■ INFORMATION SUPPLIED:

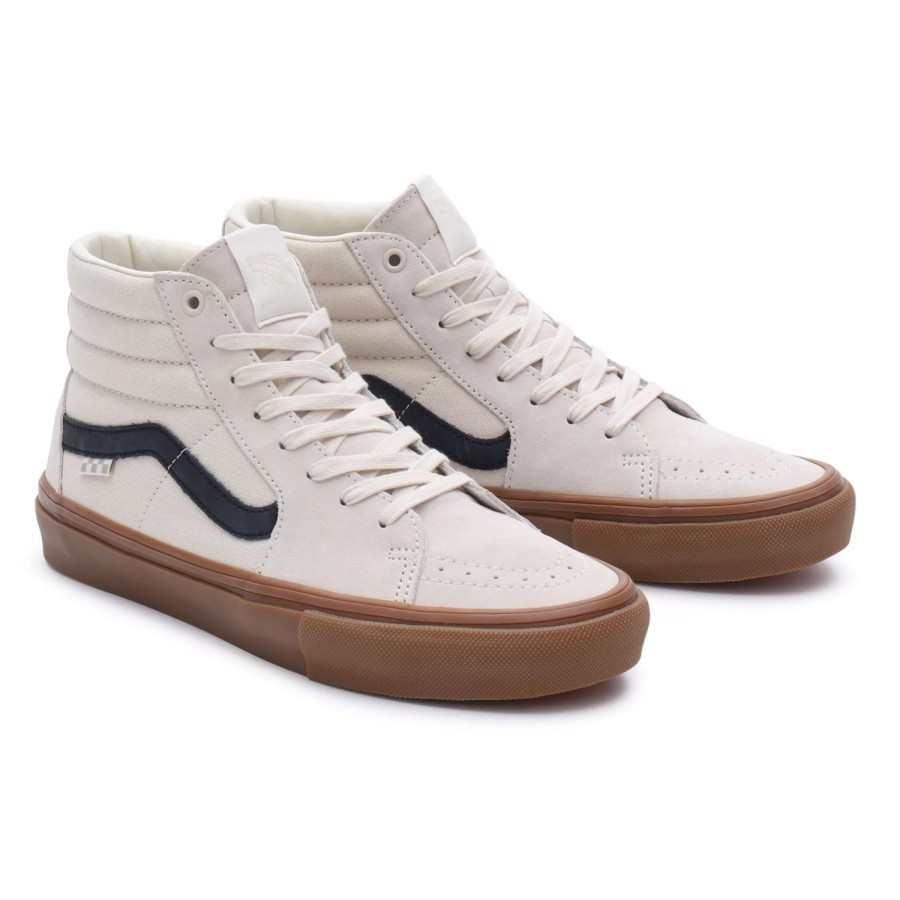 Herren VANS Skateschuhe | Skate Sk8-Hi Schuhe Beige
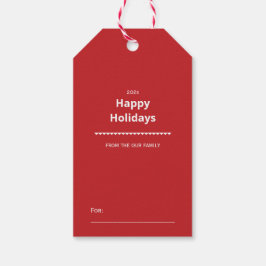 Merry Christmas & Happy New Year Presentetikett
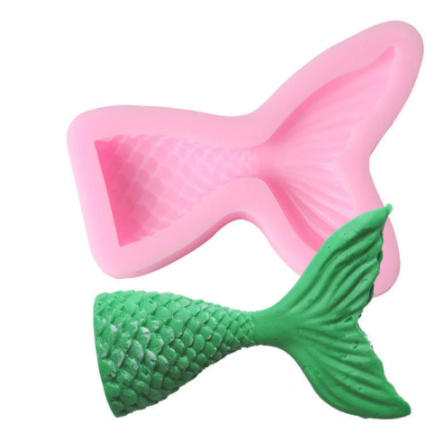 Molde de Silicona cola de sirena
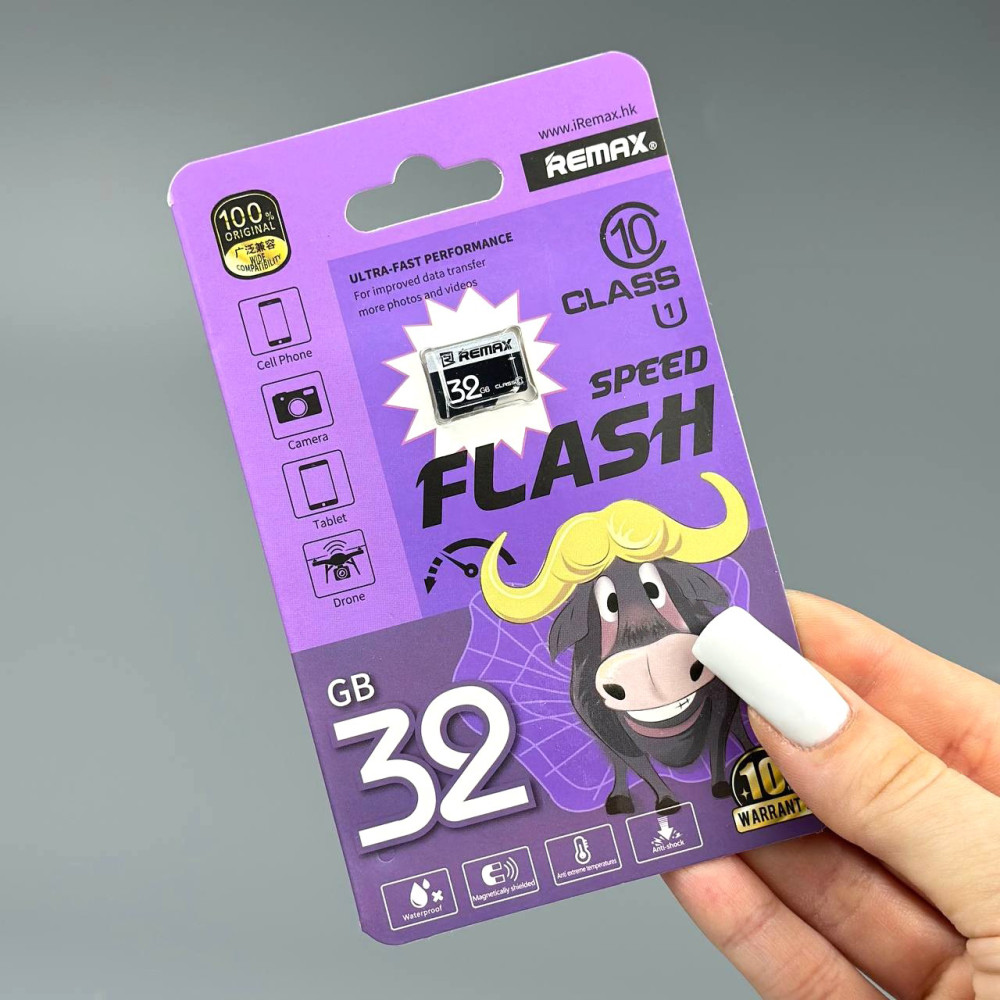 Карта пам'яті Remax 32Gb Class 10 Speed Flash (без адаптера)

■ PROBLEM DESCRIPTION: Write out the whole listing exactly. Do not include the pictures.

■ EXERCISE RESPONSE:
 Herren VANS Skateschuhe | Skate Sk8-Hi Schuhe Beige
 Merry Christmas & Happy New Year Presentetikett
 Molde de Silicona cola de sirena
 Карта пам'яті Remax 32Gb Class 10 Speed Flash (без адаптера)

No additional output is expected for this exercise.